La Crescenta says goodbye to plastic

LA CRESCENTA — La Crescenta shoppers will soon have to stick to paper or reusable grocery bags after the Los Angeles County Board of Supervisors on Tuesday enacted a sweeping ban on the use of single-use plastic bags.

The board voted 3 to 1 Tuesday to approve the ban for unincorporated areas and encouraged the 88 cities across the county to follow suit. Currently, only Malibu has a similar ban in place.

Supervisor Mike Antonovich, who represents the La Crescenta area, voted against the ban, which he said would cause additional financial burdens on small retailers and consumers. Supervisor Don Knabe was absent.

On Tuesday, Glendale City Councilman Frank Quintero said he was ready reconsider a ban after having an initial discussion in 2008.

"I'm certainly willing to put it on the agenda and begin to discuss how we can put together a program," he said. "It's a serious issue."

Under the county ordinance, all supermarkets and other grocery and convenience stores will no longer be allowed to provide plastic single-use bags.

Those that provide paper grocery bags will be required to charge customers 10 cents per bag in an effort to encourage the use of reusable bags.

Government figures show that currently only 5% of plastic bags are recycled.

"These plastic bags pollute every school yard, every residential neighborhood, streets, sidewalks," said Supervisor Zev Yaroslavsky. "They are a blight on the urban communities we live in."

Environmental groups heralded the ban, which they said would help keep the bags out of landfills and the ocean. Representatives of local plastic manufacturers, meanwhile, argued the law could unfairly hurt their business.

Antonovich said he would not support the ban during the current economic climate.

"At a time of economic uncertainty with the large number of business already leaving our state, this would not be the appropriate time in our efforts to clean up the environment to impose this additional regulation on the businesses, but more importantly, this additional fee on the consumer," he said.

Gus Malouf, owner of independent grocery store Cordon's Ranch Market in Montrose, would not be affected by the county ban, but said he wouldn't mind a similar law in Glendale.

"When you pay for a bag, you don't throw it away.

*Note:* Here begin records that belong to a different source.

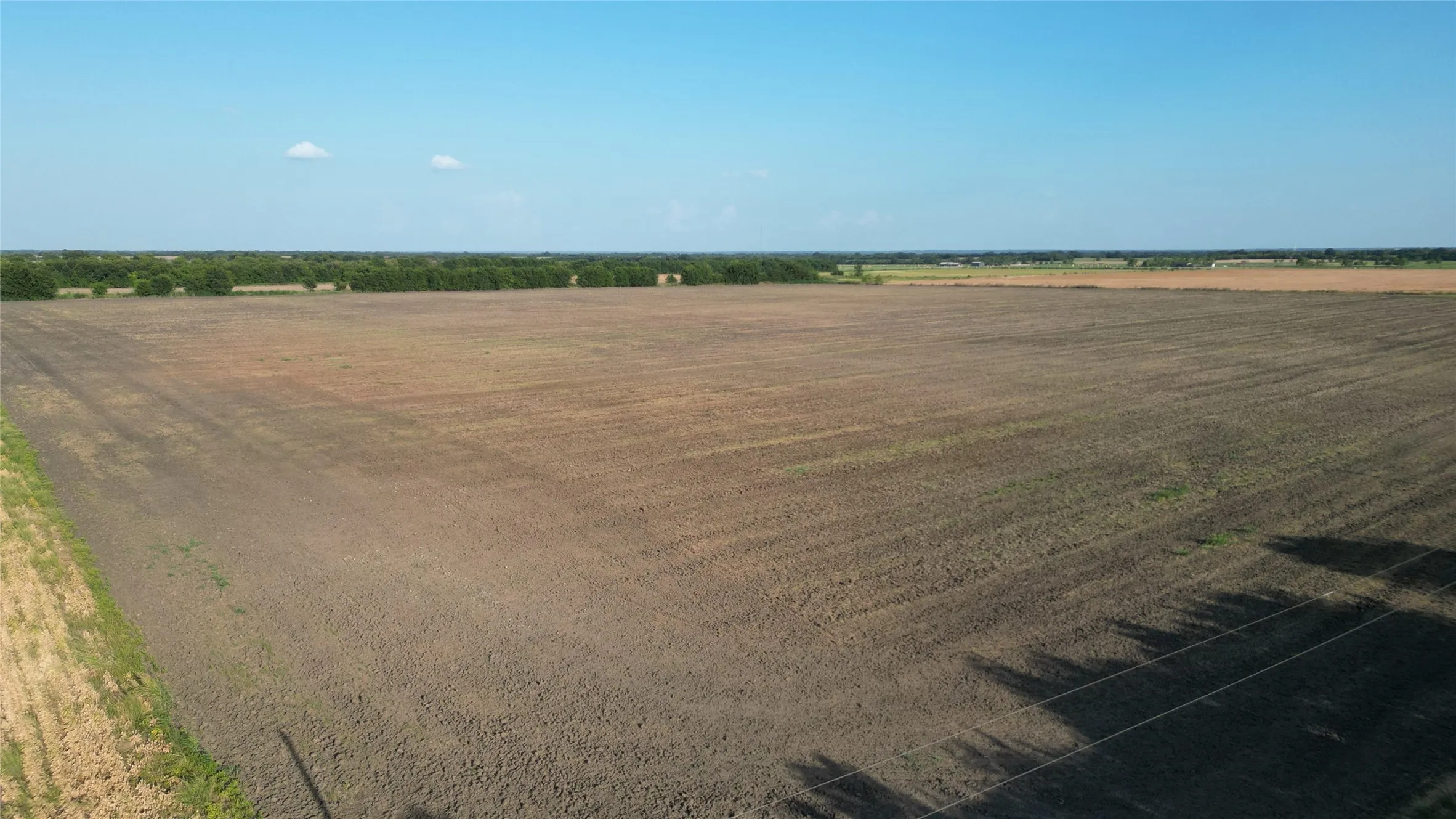 Expansive cultivated land with distant tree lines under a clear sky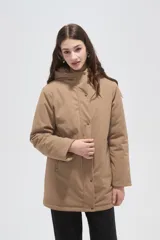 Campera de abrigo color beige, con capucha, cierre frontal con botones a presión y diseño de corte recto y holgado.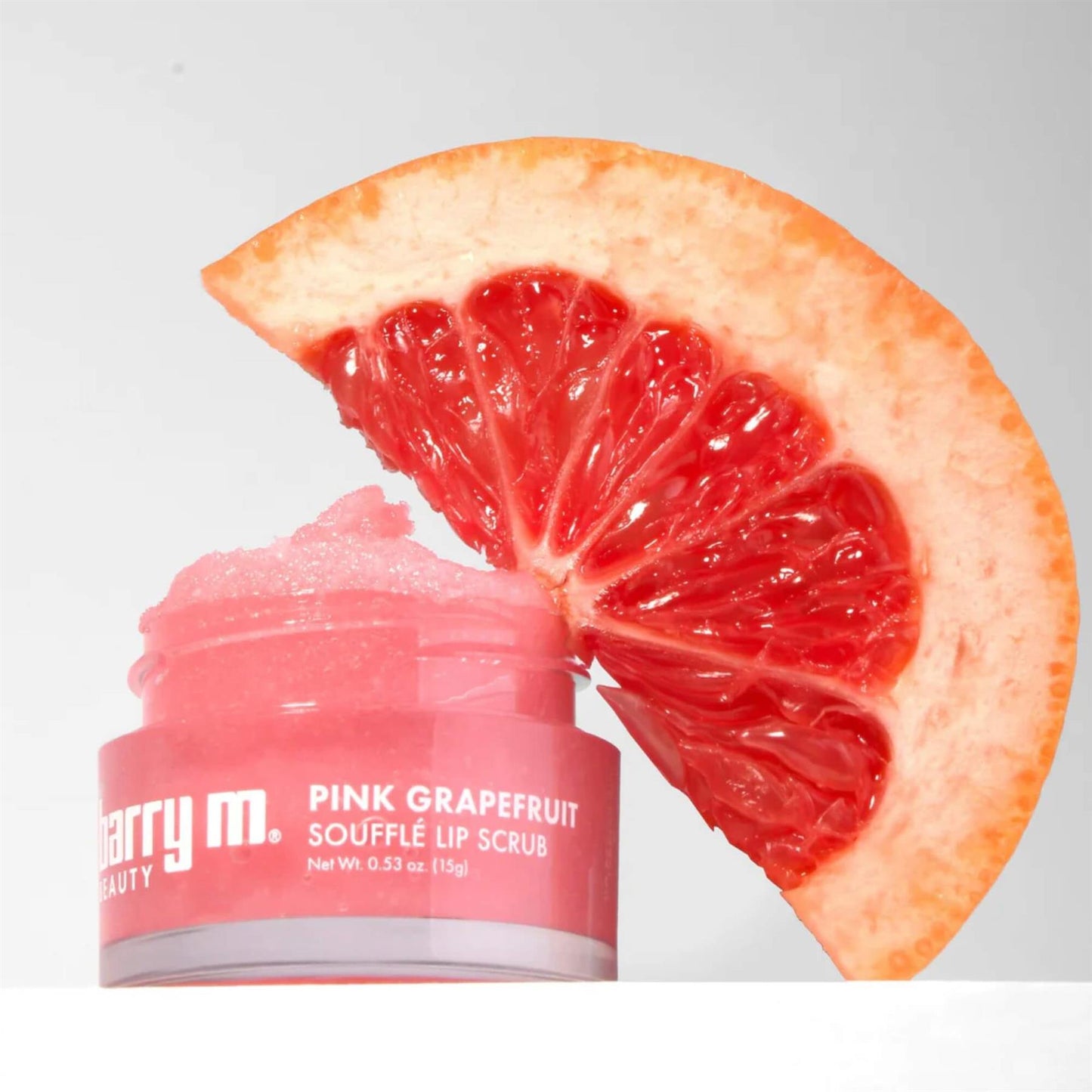 Barry M Pink Grapefruit Soufflé Lip Scrub 15g jar with coral pink sugar scrub texture and a fresh grapefruit slice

You take it home and you use it again," he said. "I think it's a fantastic idea. I hope it applies to us."

The California Grocers Assn., which represents hundreds of chain and independent supermarkets and convenience stores across the state, also supported the ban.

The county's action comes on the heels of an unsuccessful attempt by the state legislature to pass a similar law.

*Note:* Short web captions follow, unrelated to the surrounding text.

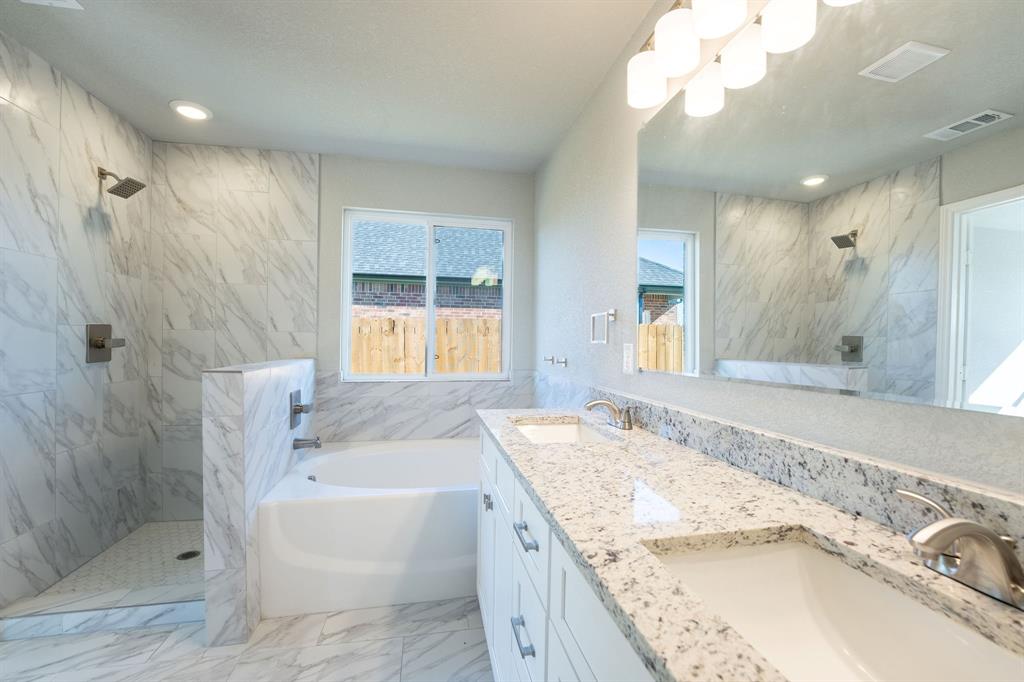 1020 Springview Lane Mabank, TX 75147 - Photo 7 of 15 Full bathroom with a marble finish shower, double vanity, a bath, recessed lighting, and light marble finish floors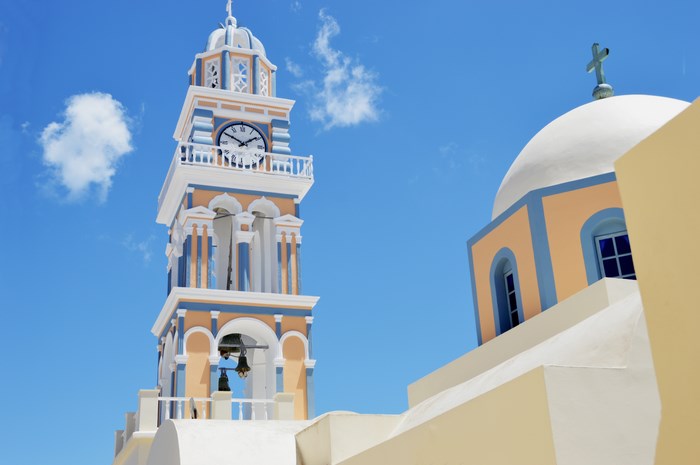 Bell tower and dome of a church against a blue sky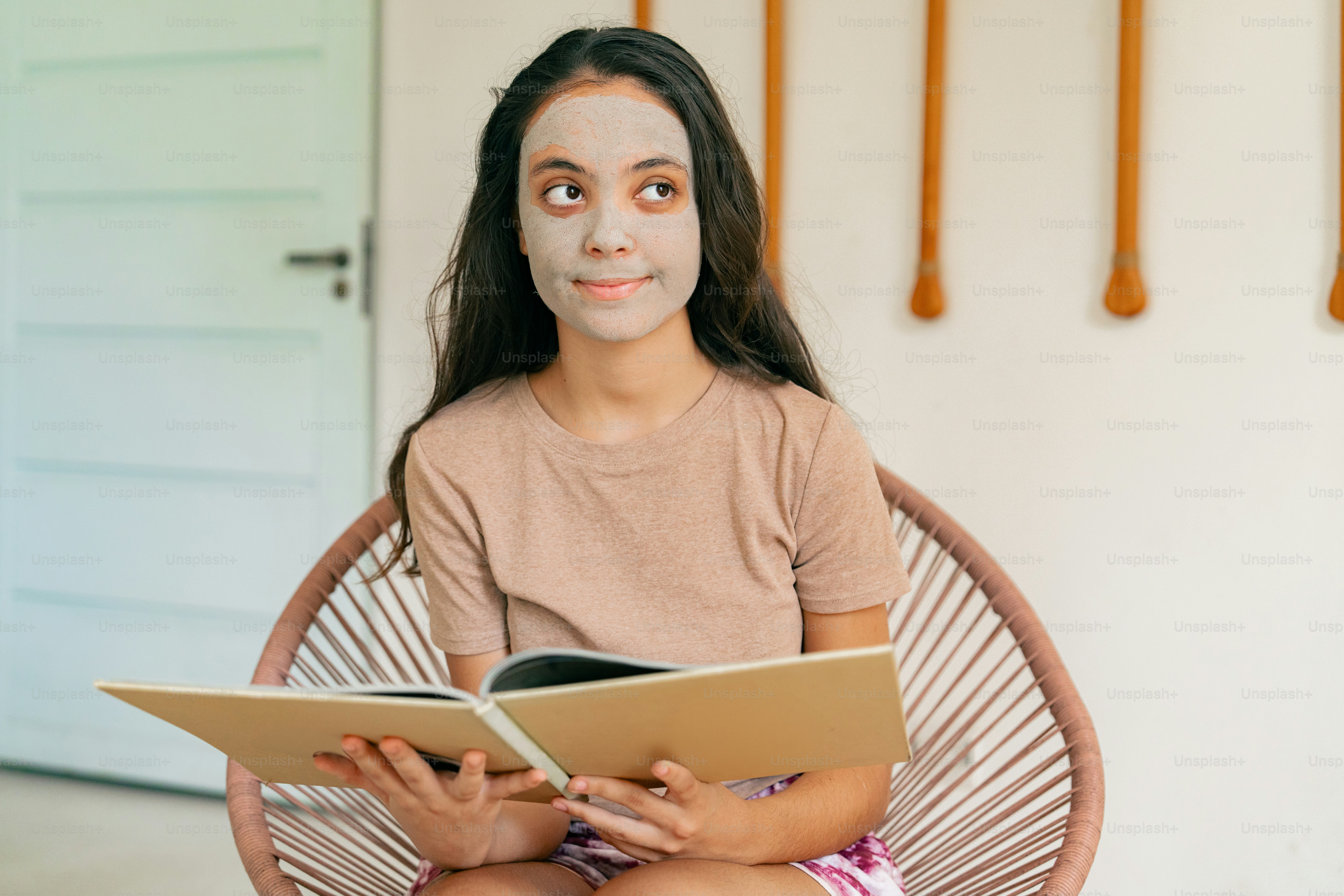 A girl sitting in a chair reading a book photo – Teen Image on Unsplash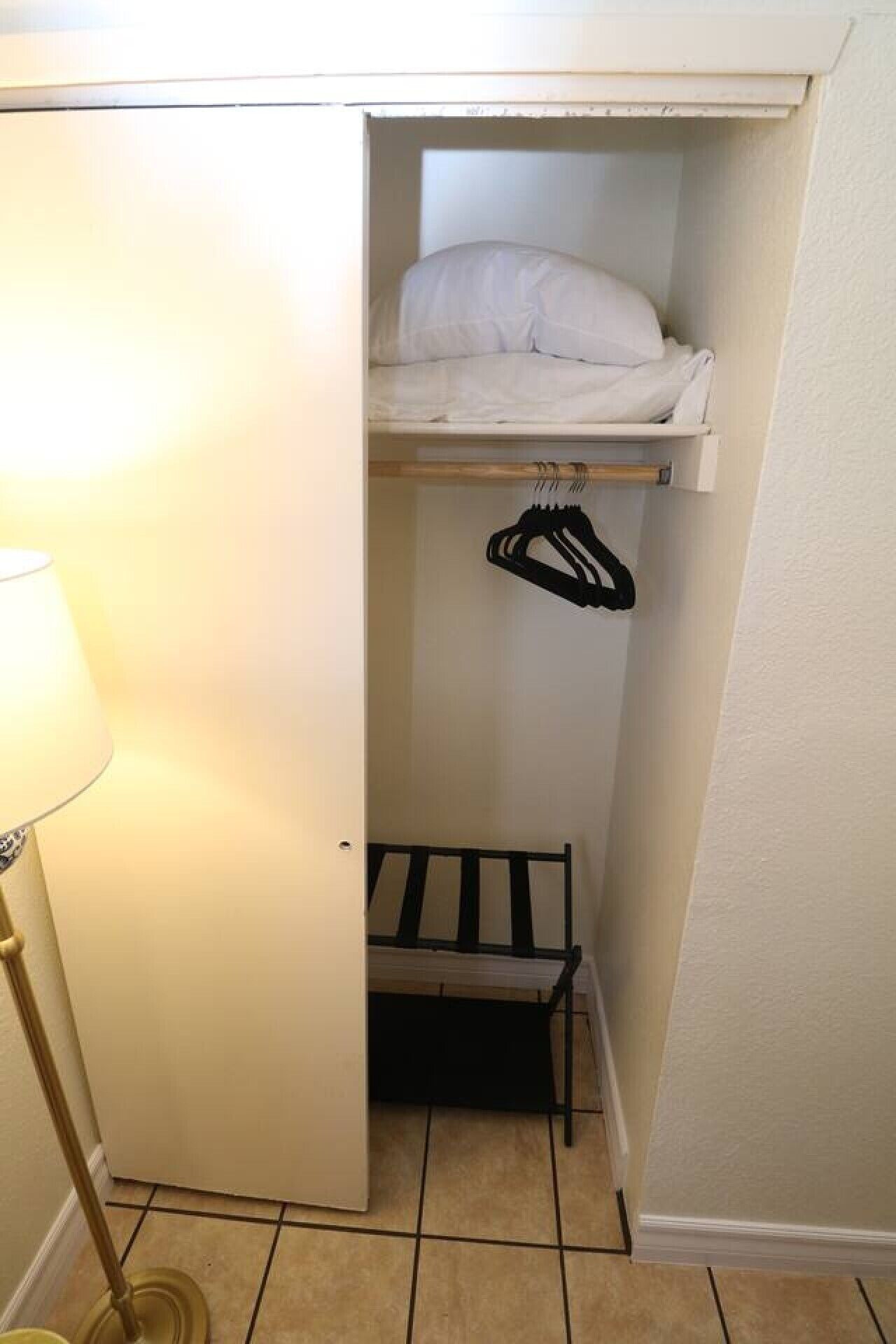 Un petit placard avec une tringle pour suspendre les vêtements, une étagère avec des vêtements pliés et une lampe.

"This would be much better if it were done statewide, to have uniformity across the board," said Supervisor Gloria Molina. "The wave is beginning here and hopefully it will move all the way to Sacramento."

Large chains will have until July 1, 2011 to comply the law, while smaller retailers will have until January 1, 2012.

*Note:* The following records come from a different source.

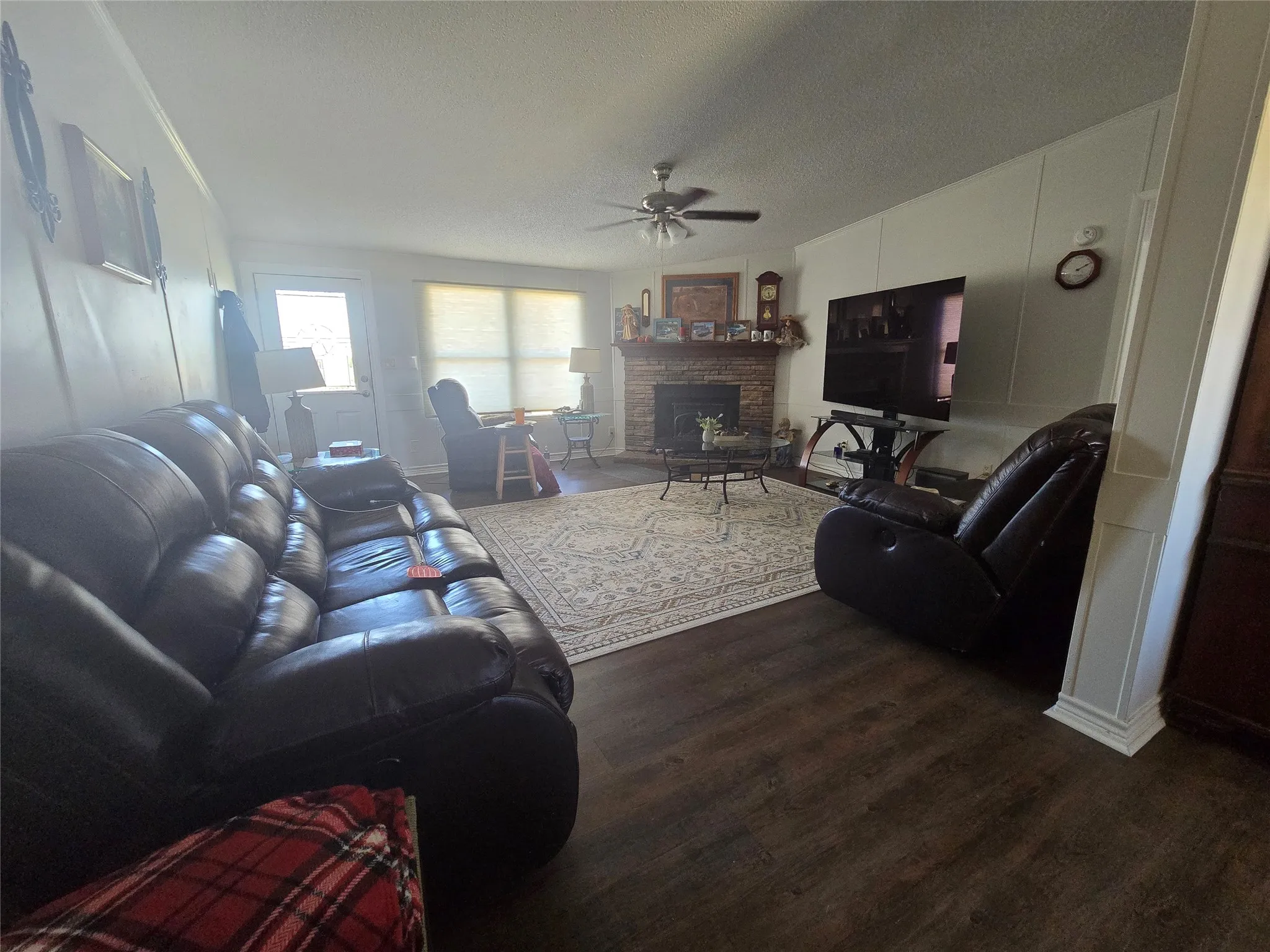 Living area featuring wood-finish flooring, a stone-surround fireplace, a ceiling fan, and paneled accent walls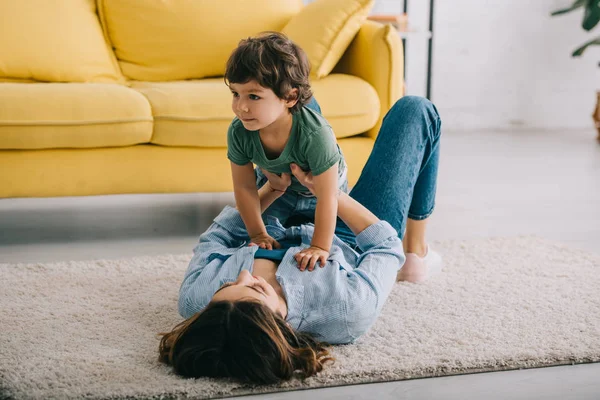 Happy mother and son playing on carpet in living room — Stock Photo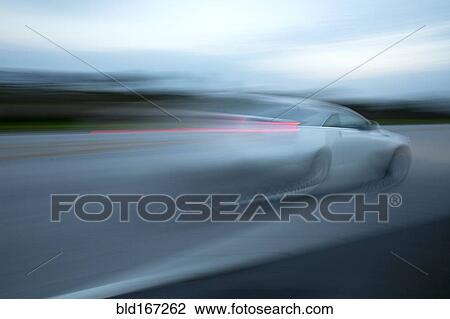 Blurred view of car driving on road View Large Photo Image Stock Image - Blurred view of car driving on road. Fotosearch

Some Glendale grocery stores, such as Trader Joe's, already offer only paper grocery bags.

Walking out of the Trader Joe's on Glendale Avenue, Mindy Park said she has in recent years moved to using reusable bags for all her shopping trips.

As she carried two reusable cloth bags full of groceries, Park said she was encouraged to hear of the county's ban.

"I think it's an excellent idea," she said. "Sometimes you need a plastic bag, but you can always buy one."